Somit besteht ein Proton, welches eine positive Ladung von 1 hat also aus 2 Up- und einem Down-Quark. Ein Neutron besteht aus 2 Down-Quarks und einem Up-Quark und hat somit eine gesamte Ladung von 0.
Aber das wäre ja zu einfach, wenn es nur die up, down, Charme, strange, bottom und top Quarks gäbe. Tja,… so ist es auch nicht. Die ganzen Teilchen gibt es noch in sowas wie einer Spiegelart. In Anti. Wir wissen, dass das Universum aus Materie und Antimaterie besteht. Und aus noch was, wo wir aber gar keinen Plan haben, was es ist. Wenn nun ein Stück Antimaterie mit Antimasse auf ein Stück Materie mit Masse trifft, löschen sich die Massen sozusagen aus und setzten pure Energie frei. Kann man sich darunter was vorstellen…? Nein absolut nicht. „Man muss es sich nicht vorstellen können. Die Mathematik zeigt es uns.“ Sagt der arbeitsgruppenleitende Professor.

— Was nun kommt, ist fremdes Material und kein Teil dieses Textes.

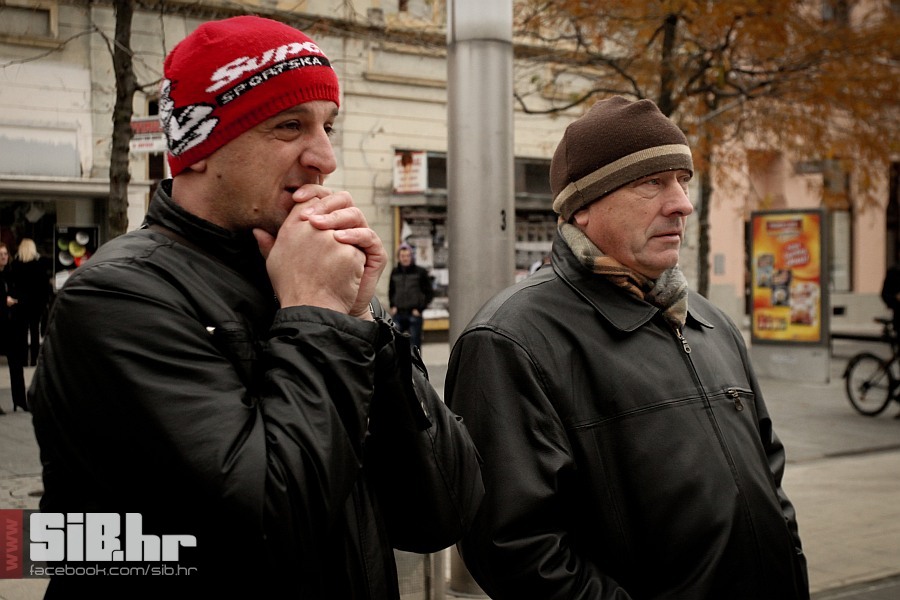 oslobodeni_generali_16112012_mb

Damit wir in dieser ganzen Diffusion von Informationen und dem Nebel an Verwirrung auch irgendwas Handfestes haben, bekommen wir kleine 3D-gedruckte Quarks. Die kann man jetzt so zusammensetzten, dass immer 3 eine Kugel ergeben. Über einen QR- Code kann man dann die Bestandteile eingeben und es wird die Bezeichnung für das Hadron ausgegeben. Nette Idee. Bisschen zu nett, denn als es weiter geht, hören die
meisten nicht mehr zu und sind noch mit den kleinen Plastikspielereien beschäftigt. Und wenn man die Plastikteile einfach ignoriert und die 4-Quarks, ja vier, da bottom und top zu schwer und instabil sind in jeglicher Position aufschreibt, komm man auch auf alle möglichen Kombinationen. Das war noch nicht alles, denn jetzt kombiniert man noch ein Antiquark mit einem Quark und erhält noch mehr Teilchen.
Ich merke gerade, dass es sich herrlich viel um Teilchen drehte.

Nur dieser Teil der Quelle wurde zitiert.